Neden Mangrov ağacı?
Mangrov ağaçları, dünyadaki bütün ağaçlardan 5 kat daha fazla karbonu emebilip 4 kişiye hayat boyu yetecek olan oksijeni sağlayabilir.
Okyanus kenarlarında kıyıyı kasırgalardan ve tsunamilerden korurlar. Toprağın sürüklenmesini engelleyerek sahil erozyonunun önüne geçerler.
Suyun tabanına uzanan kökleri ile hem suyu filtrelerler hem de balıklara yuva yapma imkanı verirken hem balık yuvalarını kasırgalara karşı korurlar hem de balık çeşitliliği ile sayısını %50 fazlalaştırarak yerli halkın ekonomisine destek olurlar.
Ortalama 6 ila 10 metre boyuna, parlak renkli yapraklara, yerden yükselerek havadan solunum yapabilen ve gelgite karşı durabilmelerini sağlayan kökleri vardır.
Muazzam bir canlı çeşitliliğine barınak sağladıkları gibi, bu verimli alanlardan baldan kömüre, sirkeden yapıştırıcıya kadar onlarca çeşit ürün elde edilmektedir.
Birleşmiş Milletler’in 17 Sürdürülebilir Kalkınma Amaçları içerisindeki 6 amacı aynı anda gerçekleştirerek dünyaya çok büyük katkı sağlıyorlar. Bu amaçlar şunlardır:
• Amaç 1: Yoksulluğun tüm biçimlerinin her yerde ortadan kaldırılması.
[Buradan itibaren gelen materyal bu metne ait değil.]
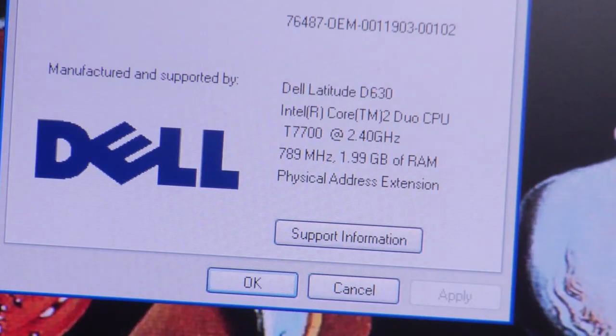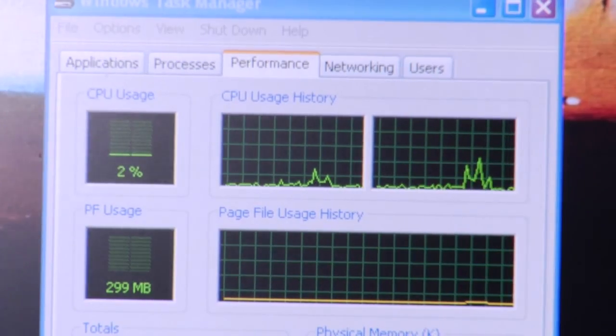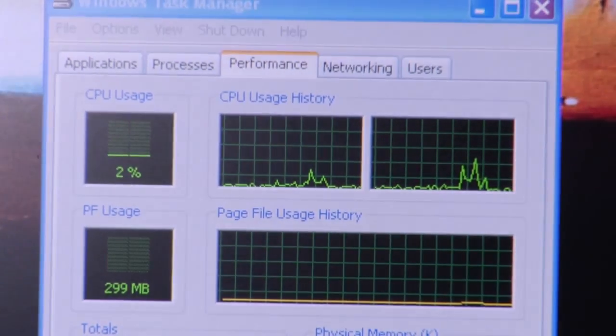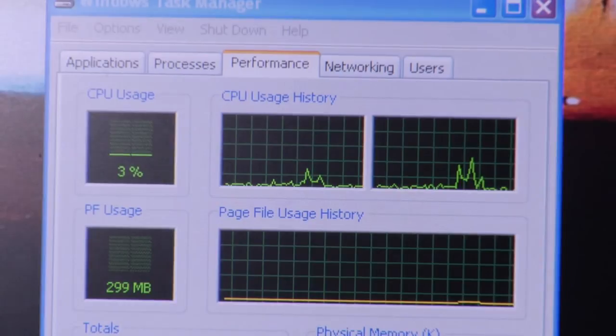So you might have two processors and each one had two cores in it, which would be about the same as having four single processors. And the more processors you have, the more processes that you can do at the same time. So your computer will run faster and more efficiently when you have more processors or more cores inside of your processors.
• Amaç 2: Açlığın sona erdirilmesi, gıda güvenliği ve daha iyi beslenme güvencesinin sağlanması; sürdürülebilir tarımın desteklenmesi.
• Amaç 8: Kesintisiz, kapsayıcı ve sürdürülebilir ekonomik büyümenin, tam ve üretken istihdamın ve herkes için insana yakışır işlerin desteklenmesi.
• Amaç 13: İklim değişikliği ve etkileri ile mücadele konusunda acilen eyleme geçilmesi.
• Amaç 14: Sürdürülebilir kalkınma için okyanuslar, denizler ve deniz kaynaklarının korunması ve sürdürülebilir kullanımı.
• Amaç 15: Karasal ekosistemlerin sürdürülebilir kullanımının korunması, geliştirilmesi ve desteklenmesi, ormanların sürdürülebilir yönetimi, çölleşme ile mücadele, karasal bozulmanın durdurulması ve iyileştirilmesi ve biyoçeşitlilik kaybının engellenmesi.